The provision for loan losses was $1.3 million during the current quarter as compared to $660,000 for the same period last year. The provisions for loan losses were recorded to provide for reserves adequate to support the known and inherent risks of loss in our loan portfolio and for specific reserves as of December 31, 2004 and 2003, respectively.
General and administrative expenses increased to $10.3 million in the current quarter, compared to $8.7 million for the same period last year. The increase was primarily attributable to the continued national expansion of our small balance multi-family real estate lending platform. Our efficiency ratio (defined as recurring general and administrative expenses as a percentage of net revenue) was 48.4 percent in the fourth quarter of 2004 as compared to 42.1 percent for the same period last year.

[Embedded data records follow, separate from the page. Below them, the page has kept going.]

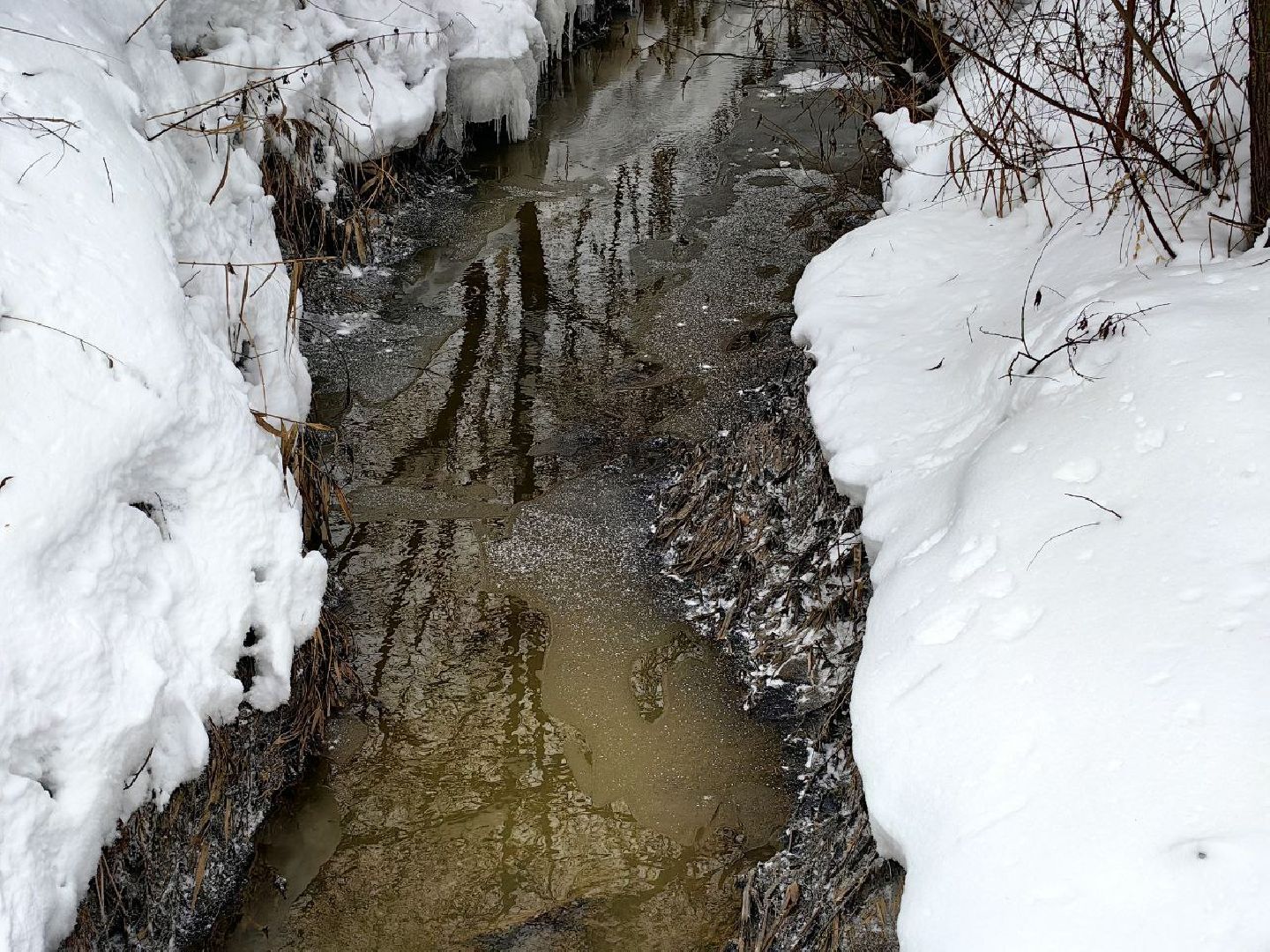 природа, стоки, Клязьма, Щелково,выездная администрация,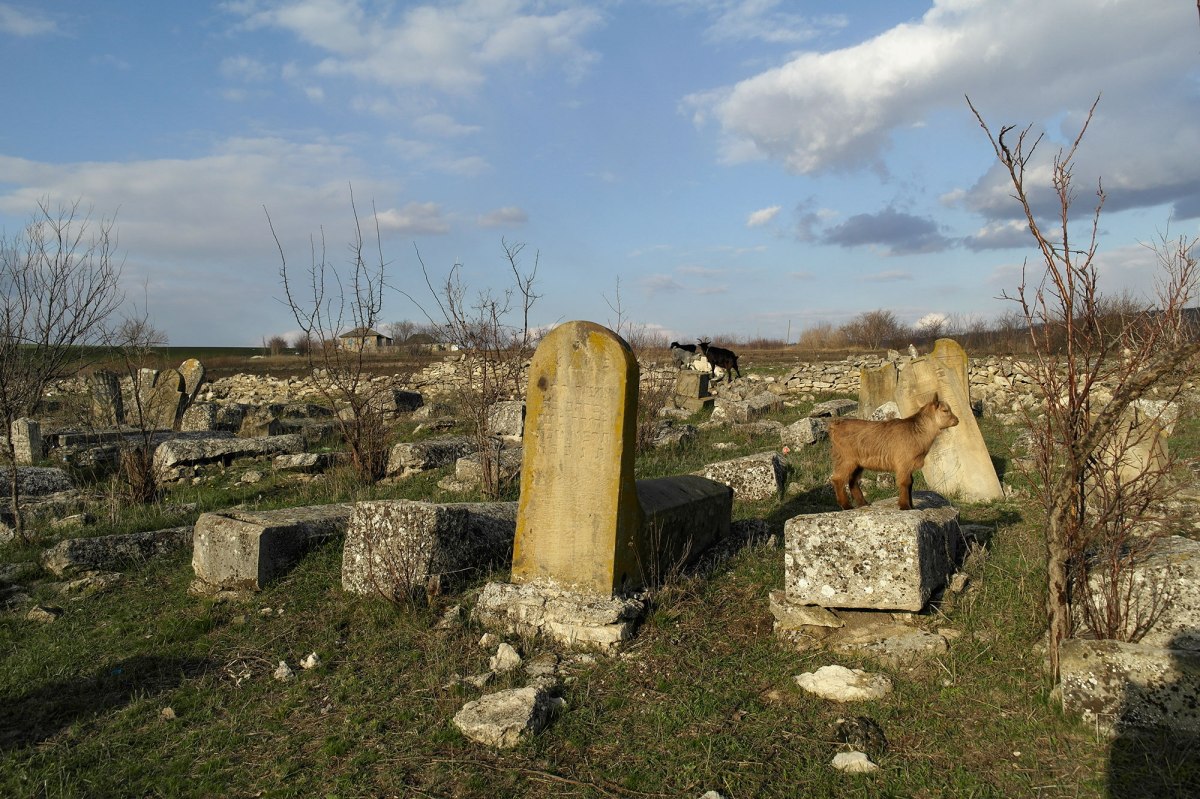 Prodănești - Jewish cemetery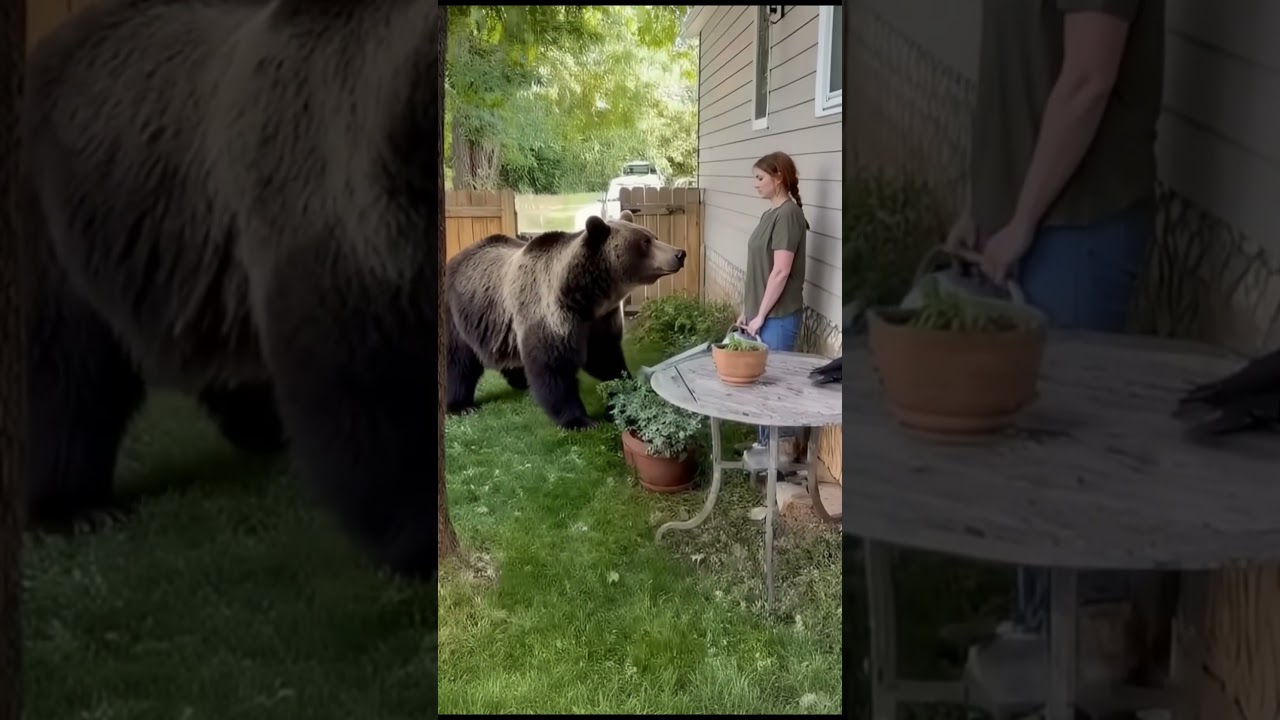 Cat & Dog Team Up to Chase Away a Bear! 🐱🐶🐻💨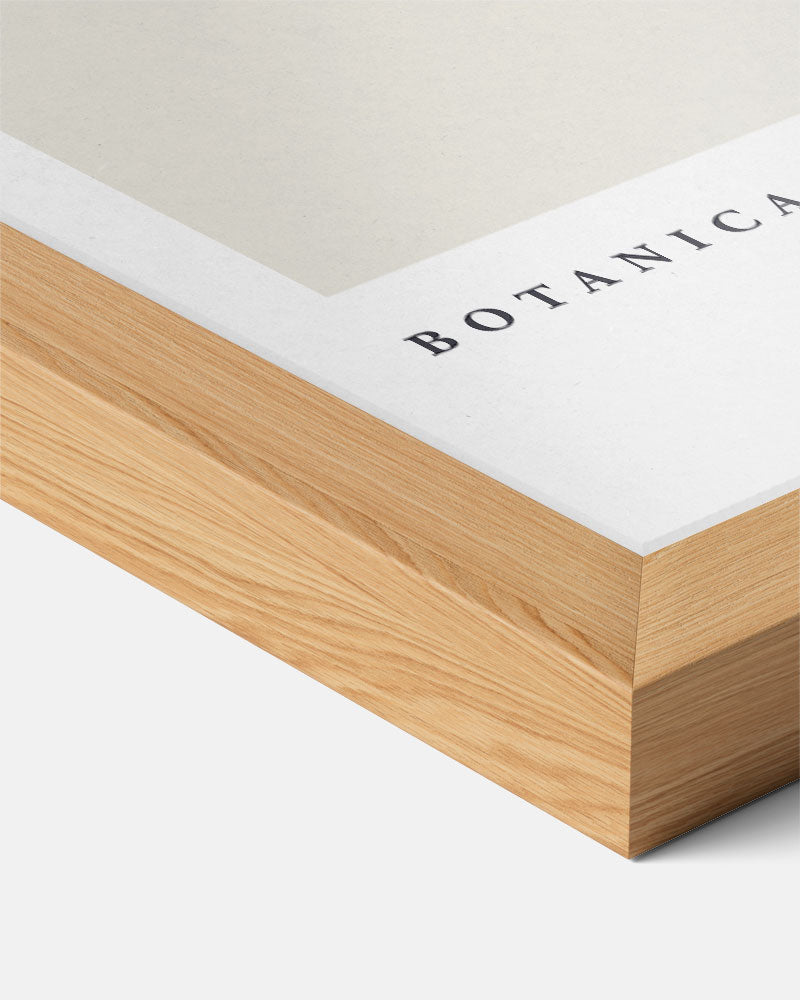 Botanica I Bloemenlijntekening – staande keuken wanddecoratie van WallArtistic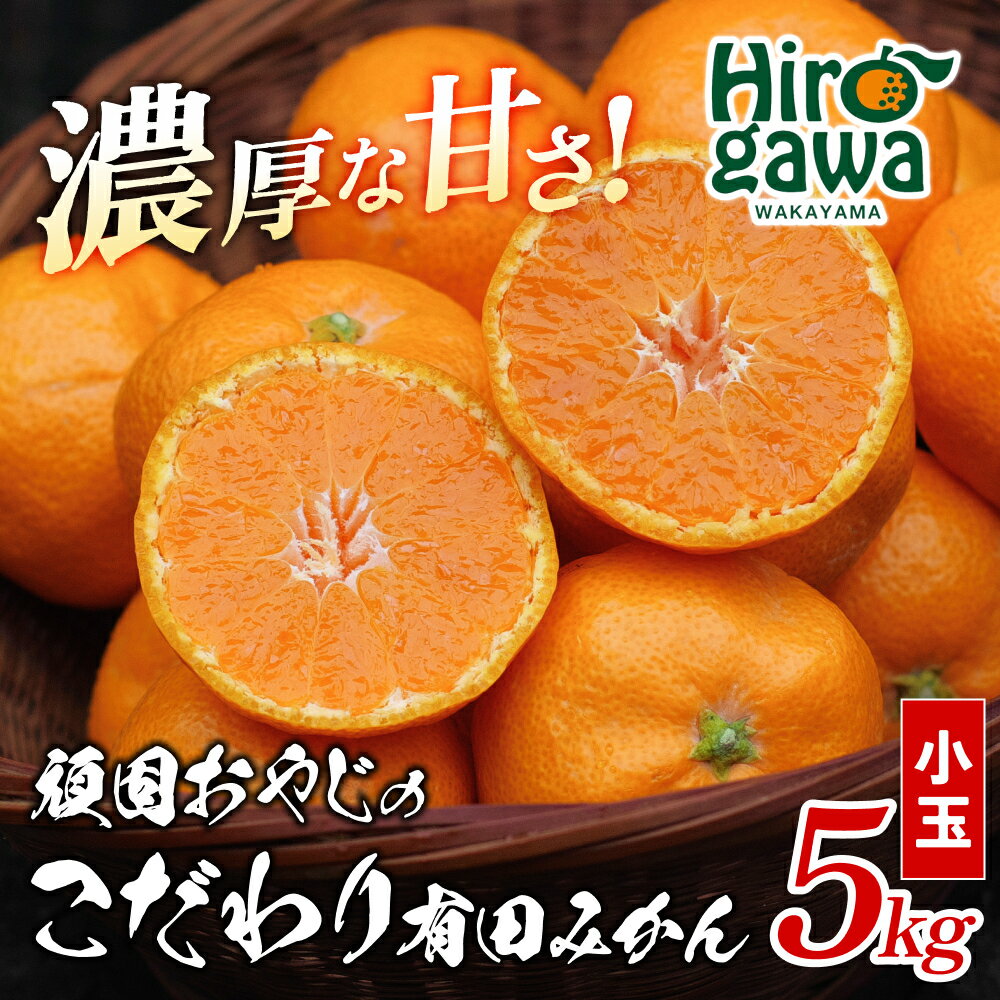 【ふるさと納税】 頑固オヤジの 有田 みかん 小玉 5kg / 温州みかん 有田みかん 甘い 小粒 ちっちゃい 家庭用 訳あり 和歌山 柑橘 ※2026年11月中旬～2027年1月下旬に順次発送 //mandarin - 画像2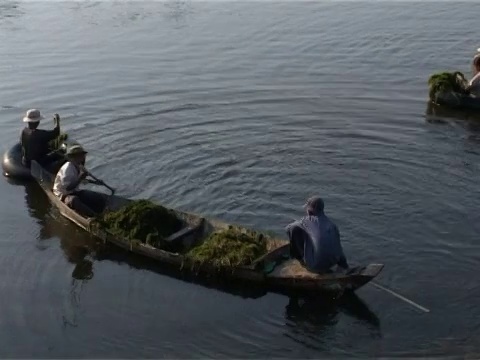 吴哥窟，柬埔寨工人划着独木舟视频下载
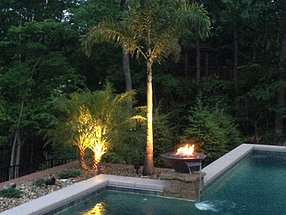 landscape design, lighting, st. louis landscape, palm, fire bowl, pool, tropical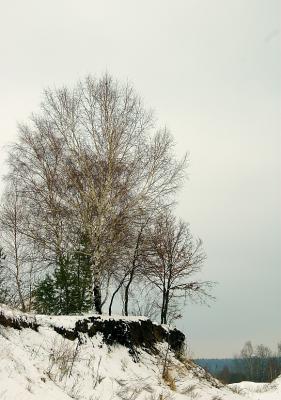 u5/smok53/medium/41059799.DSC_2506acm.jpg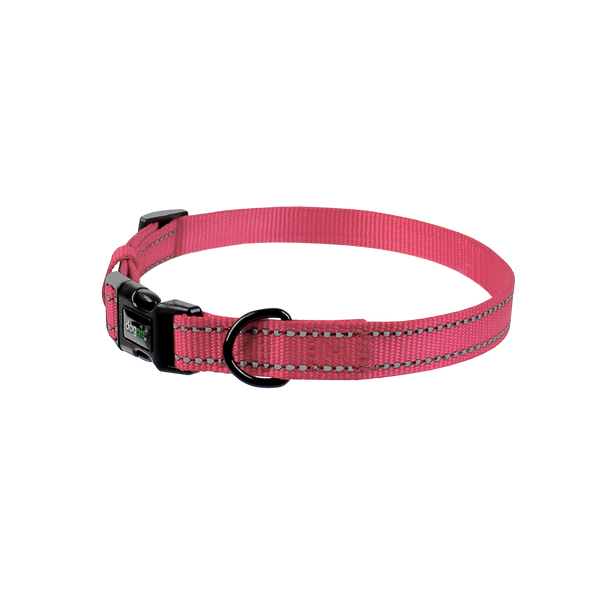 Everyday Nylon Collar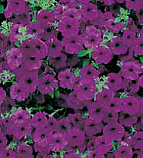 Семена цветов петуния Вельвет F1 фиолетовая 5шт Агроуспех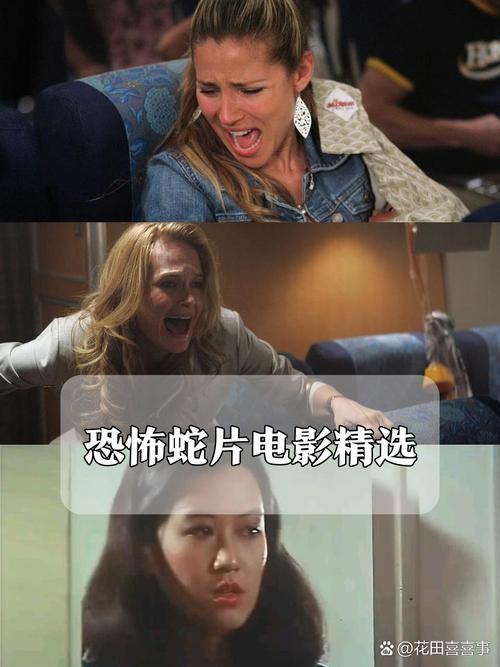 月光影院在线观看 - 最新高清电影资源免费追剧平台，畅享无广告观影体验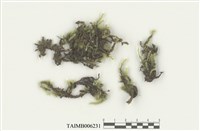 藏品(毛扭蘚)的圖片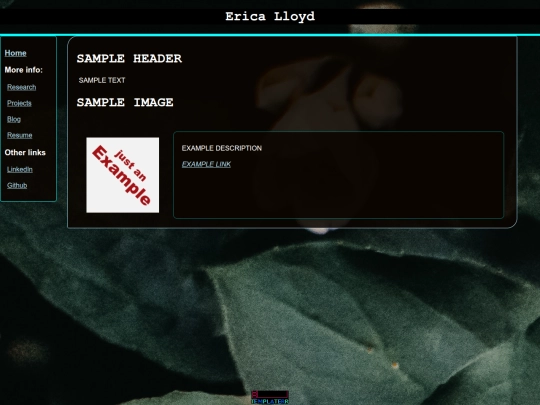 example screenshot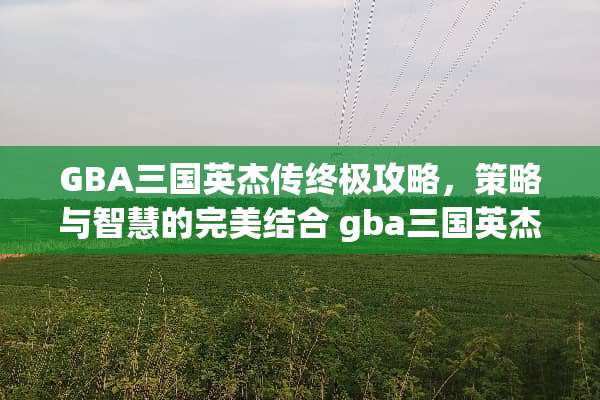 GBA三国英杰传终极攻略，策略与智慧的完美结合 gba三国英杰传攻略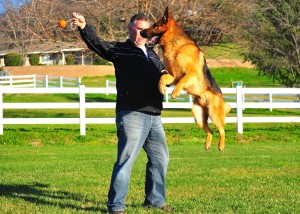Protection Dog Blax jumping for ball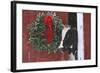 Holstein Cow Portrait with Wreath in Falling Snow, Marengo, Illinois-Lynn M^ Stone-Framed Photographic Print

Total assets increased $500.0 million to $2.3 billion at December 31, 2004, compared to $1.8 billion at December 31, 2003. The increase in total assets was due primarily to a $288.4 million increase in our loan portfolio, and a $296.0 million increase in investments held-to-maturity, partially offset by a $90.7 million decrease in cash and cash equivalents. The increase in the loan portfolio was primarily due to the increased loan production and a decline in prepayment speeds experienced during the current period. Haligowski commented that: "Our growth in total assets achieved during the year of $500 million is equal to the total assets of the Company when we went public in October 1995. We have virtually created that $500 million bank during the year through our organic asset origination capability."
At December 31, 2004, nonperforming assets totaled $14.7 million or 0.63 percent of total assets as compared to $15.6 million or 0.86 percent as of December 31, 2003. The allowance for loan loss coverage ratio (defined as the allowance for loan losses divided by non-accrual loans) at December 31, 2004, was 242.2 percent as compared to 392.3 percent at December 31, 2003.
The allowance for loan losses as a percentage of our total loans was 1.9 percent at December 31, 2004, as compared to 2.2 percent at December 31, 2003. During the year ended December 31, 2004, we had net charge-offs of $2.6 million, compared to $7.4 million during the same period last year.
At December 31, 2004, shareholders' equity totaled $194.7 million or 8.4 percent of total assets.
During 2004, we continued our stock repurchase program with the recent announcements of the
eighth and ninth extensions of the stock repurchase program
www.itlacapital.com
ITLA Capital Corporation reports earnings
For the year ended December 31, 2004
Page 4 of 4
The Bank had Tier 1 leverage, Tier 1 risk based and total risk-based capital ratios at December 31, 2004 of 11.02 percent, 12.21 percent and 13.47 percent, respectively, which represents $141.5 million, $149.4 million and $99.5 million, respectively, of capital in excess of the amount required to be "well capitalized" for regulatory purposes. In addition, the Company, the Bank's holding company, had Tier 1 leverage, Tier 1 risk based and total risk-based capital ratios at December 31, 2004 of 12.30 percent, 13.07 percent, and 16.00 percent, respectively, which represents $172.3 million, $180.6 million and $149.5 million, respectively, of capital in excess of the amount required to be "well capitalized".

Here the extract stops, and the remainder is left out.